*TASK OBJECTIVE*.
Exactly the lines below from the one with "EYE CANDY LOS" up to and including the one with "Celine  鲶鱼包27cm 惊艳番茄红 完全是向ZP靠拢 代购品质 厂家直销" make up the answer, with nothing else added.

*Short web captions*.
▼

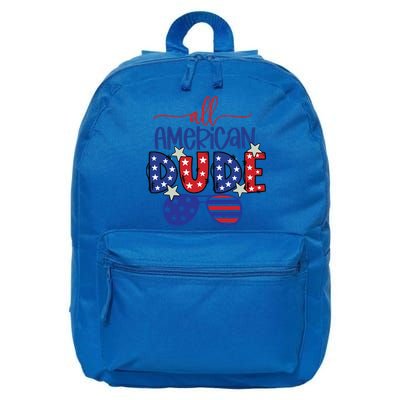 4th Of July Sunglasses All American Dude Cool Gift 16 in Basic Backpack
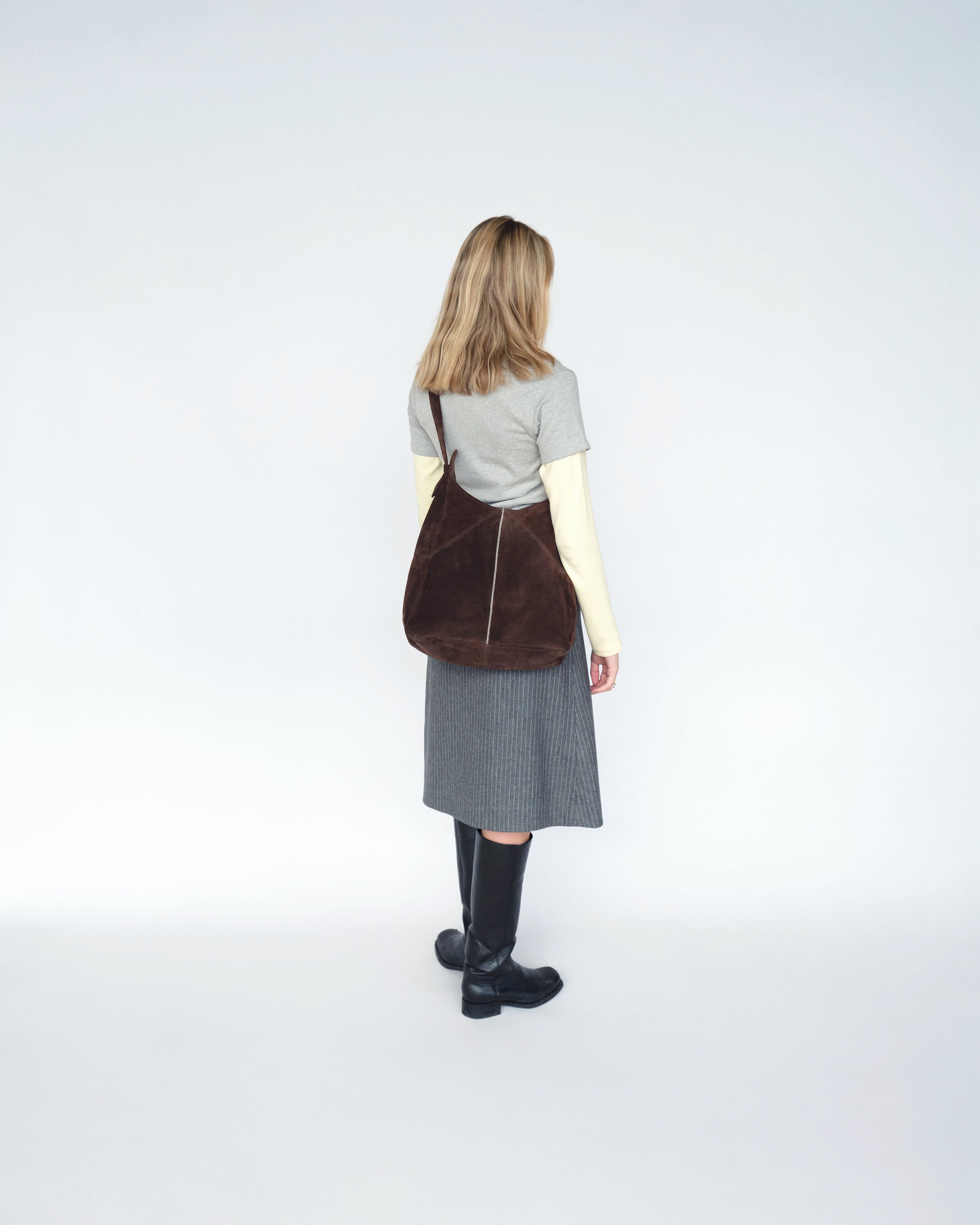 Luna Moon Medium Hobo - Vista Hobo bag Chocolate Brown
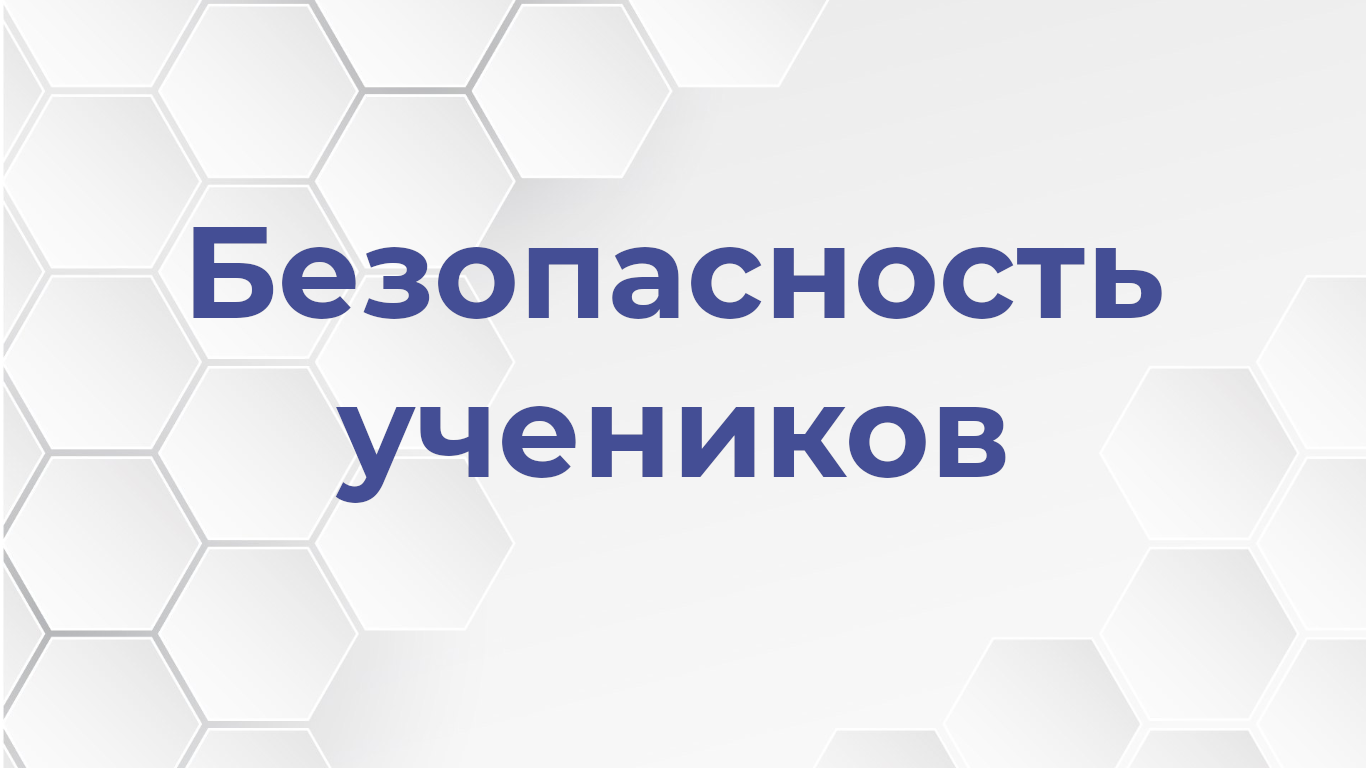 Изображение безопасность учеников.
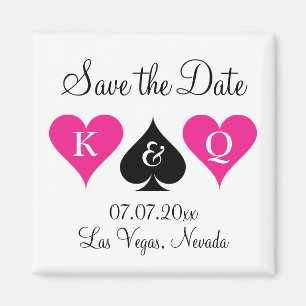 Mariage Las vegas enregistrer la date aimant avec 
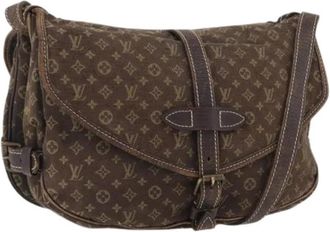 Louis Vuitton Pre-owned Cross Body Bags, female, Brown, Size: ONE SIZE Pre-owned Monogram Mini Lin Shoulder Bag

▲
▼

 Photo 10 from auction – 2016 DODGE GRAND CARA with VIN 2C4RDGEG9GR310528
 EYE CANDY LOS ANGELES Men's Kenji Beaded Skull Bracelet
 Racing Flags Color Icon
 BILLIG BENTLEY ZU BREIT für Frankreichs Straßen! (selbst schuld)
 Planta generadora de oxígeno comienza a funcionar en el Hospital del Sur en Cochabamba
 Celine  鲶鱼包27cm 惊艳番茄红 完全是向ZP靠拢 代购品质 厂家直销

▲

*ANSWER AREA*.
 EYE CANDY LOS ANGELES Men's Kenji Beaded Skull Bracelet
 Racing Flags Color Icon
 BILLIG BENTLEY ZU BREIT für Frankreichs Straßen! (selbst schuld)
 Planta generadora de oxígeno comienza a funcionar en el Hospital del Sur en Cochabamba
 Celine  鲶鱼包27cm 惊艳番茄红 完全是向ZP靠拢 代购品质 厂家直销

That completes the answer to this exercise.